Likewise, most people would agree that communities are safer if illegal immigrants who have been the victims of crime, or possess evidence that can help solve a crime, can talk to police officers without fear of being quizzed about their status. Or if illegal immigrants enroll their children in school (as the Supreme Court allowed), rather than keep them at home for fear admissions officials will investigate the parents' status.
These are the judgments that have prompted Los Angeles, New York and dozens of other major cities to adopt policies that in varying ways discourage municipal workers from assessing the immigration status of people using local services and sharing such information with federal immigration officials.
They also are the judgments that have provoked the sharpest clashes yet between the two leading GOP presidential contenders, former Massachusetts Gov. Mitt Romney and former New York City Mayor Rudolph Giuliani.
Romney charges that these city policies encourage illegal immigration by offering the undocumented "sanctuary." He proposes to cut off federal funds for cities that adopt them and calls New York's approach under Giuliani especially egregious. "New York City was the poster child for sanctuary cities," Romney insists. On Tuesday, he launched a radio ad condemning these city initiatives and, by implication, Giuliani.
The disputed New York policy was adopted in 1989 by Mayor Ed Koch, a conservative Democrat, and later reaffirmed by Giuliani. The policy generally prohibited city workers from reporting information about immigrants' legal status to federal officials. But it explicitly required police and other city workers to "cooperate with federal authorities" in investigating illegal immigrants suspected of a crime, including fraudulent attempts to obtain welfare benefits.

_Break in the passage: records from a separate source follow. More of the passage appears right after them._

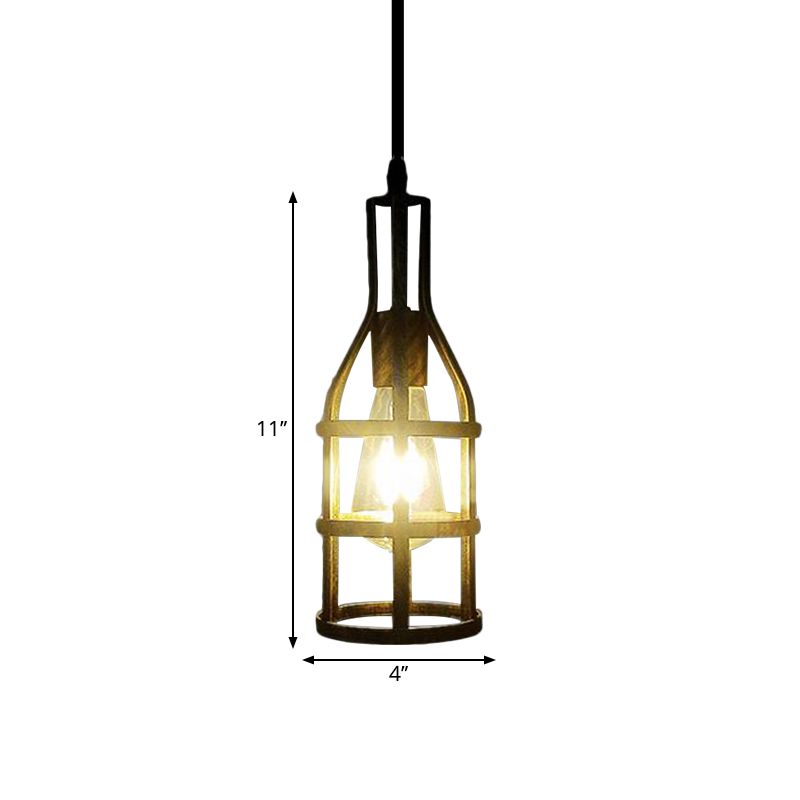 Drahtkäfig -Metallhänge hängendes Industrial 1 Lampenküche Hanges Anhänger Licht mit Weinflaschendesign in Schwarz/antikes Messing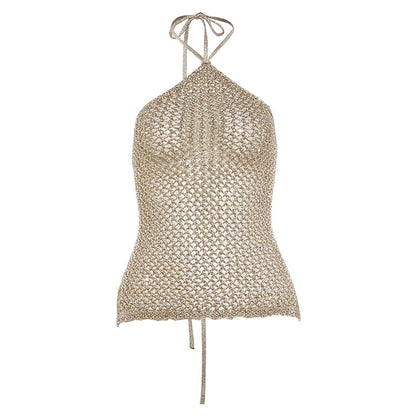 Spring Women Woolen Hollow Out Cutout Sexy Halter Lace up Backless Top for Women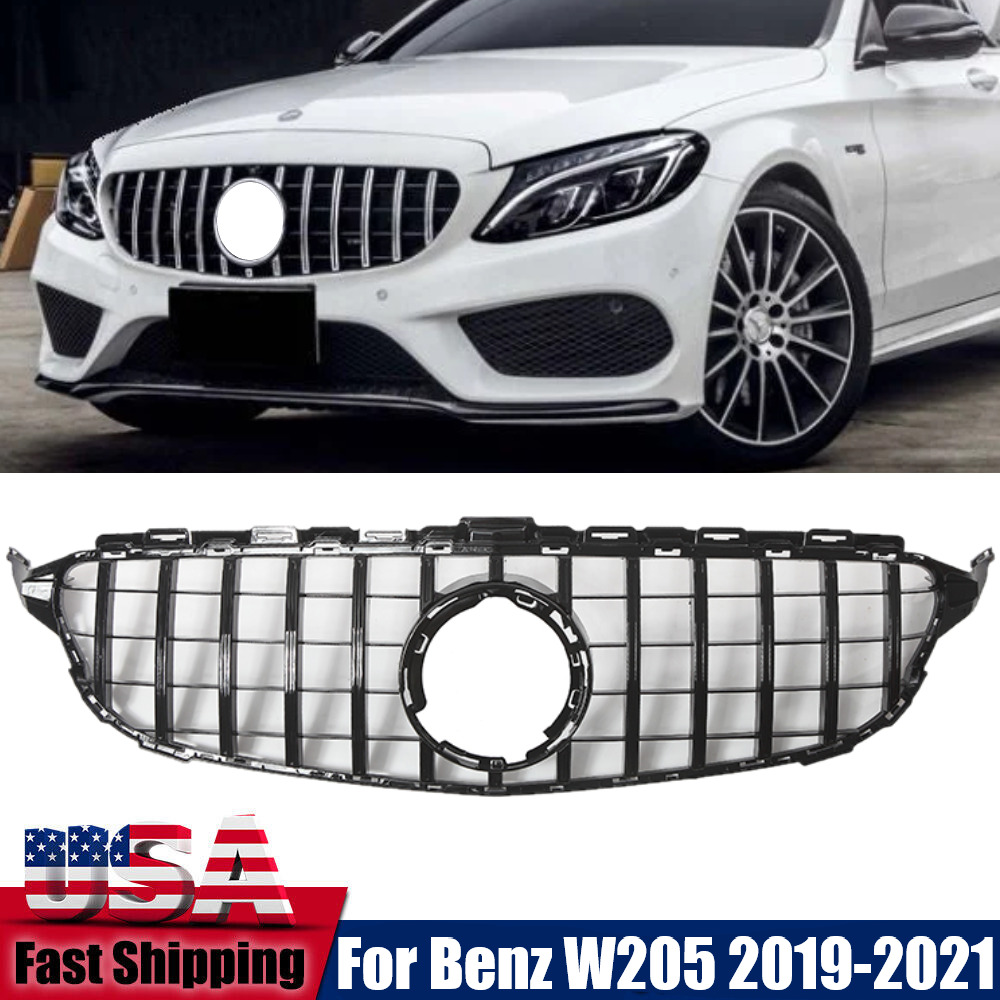 GTR Style Grille For 2019 2020 2021 Mercedes Benz W205 C200 C300 C43 Black Grill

In 1996, the Republican Congress outlawed outright city bans on reporting immigration status to federal officials. Giuliani challenged the law in court and lost. Under Giuliani and his successor, Michael Bloomberg, New York then evolved toward a "don't ask, don't tell" policy, in which city officials are no longer forbidden from sharing information with Washington but are barred from inquiring about the immigration status of people using city services, except when it's relevant to assess eligibility. That usually leaves local officials with no information to share except, again, in criminal cases. (Los Angeles follows similar rules.)
Giuliani defends his decisions but is so determined to appear tough on illegal immigration that his advisors, incredibly, won't say whether he opposes Romney's call to punish cities that do what Giuliani did as mayor. Giuliani should find some backbone because Romney's idea would be counterproductive. His criticism draws on a legitimate concern: After 9/11, the nation has a greater incentive to identify everyone inside its borders, either legally or illegally. But turning city workers into immigration snoops won't advance that goal.
If a mayor announces that he will check people's papers at police stations, school admission offices and emergency rooms, illegal immigrants are unlikely to line up in those places to be discovered and deported. They are more likely to abandon those services -- with dangerous consequences for all city residents.
As Koch said, "The effect would be that illegal kids would be out on the streets attacking other kids or being attacked themselves; illegal aliens would be . . . contagious and causing disease to spread and . . . by not reporting criminality, the same criminals would be attacking citizens. It's hard to see where there would be any advantage in [that]."
Some cities, by condemning federal immigration raids, have carried the "don't ask, don't tell" impulse to excess. But Romney has overreached too with his threats against "sanctuary cities" like New York (and presumably Los Angeles). Romney's aides won't say what New York should have done differently in its policy toward illegal immigrants. Maybe that's because the city, like many others, chose the most practical response available.